E[gamble] = p*w + (1-p)*l

Assuming no risk aversion - fairly typical when w and l are not that large - we should take this gamble whenever E[gamble] > 0. Doing some simple arithmetic, we discover that this gamble is positive sum whenever:

w/l > (1-p)/p

(If this is a repeated game we should use the Kelly Criterion or some similar rule. I'm going to focus on the non-repeated case in this post.)

Another useful rearrangement is we break even when p = l/(w+l).

Sounds simple, right?

It's important to note that there are 3 different ways we can alter the parameters to make a gamble worthwhile:

  • Increase w - make the payoff more attractive.
  • Increase p - make a winning bet more likely.
  • Decrease l - make the cost of losing lower.

The latter case is actually pretty important; consider the limiting case of l == 0. In this case, there is a finite probability p of winning something, and even if you don't win you lose nothing. That's a good bet to take regardless of how low p is!

So far, nothing groundbreaking, right?

Concrete examples: Lambda School and Rutgers University

Lets now consider Lambda School and cook up an oversimplified example.

I'll assume the applicant currently earns $30k/year. I'll assume that if the student is successful via Lambda School, their salary will increase to $70k/year. Furthermore, I'll assume the value of their time (before graduation) is $30k/year. I'll also use a 5 year time horizon.

Lambda School is a 9 month program. Valuing time at $30k/year, this means the cost of an unsuccessful attempt at Lambda School is l = $22.5k.

If Lambda School succeeds, the winning payoff is a job earning $70k/year. The student will have to pay Lambda School 17% of this for 2 years (yielding a net pay of $58.1k/year) and after this they earn the full $70k. The excess over their original pay is then $28.1k for 2 years and $40k for 3 years - in total, w = $178k.
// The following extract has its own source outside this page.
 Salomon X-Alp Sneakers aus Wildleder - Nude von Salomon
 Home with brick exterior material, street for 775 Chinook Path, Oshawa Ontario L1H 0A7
On net, w/l = 7.91 implying that even if the probability of success is only 15%, this is a reasonably good deal for the student.

Now lets examine Rutgers. I'm choosing Rutgers because it's my alma mater. Following the numbers from this tweet thread, we learn the cost of Rutgers (a 4 year program) is $22.5k x 4 = $90k in lost income. Additionally tuition is $12k in state (assume a generous $6k after financial aid) adding another $24k for a total of $114k. This is paid whether the gamble pays off or not.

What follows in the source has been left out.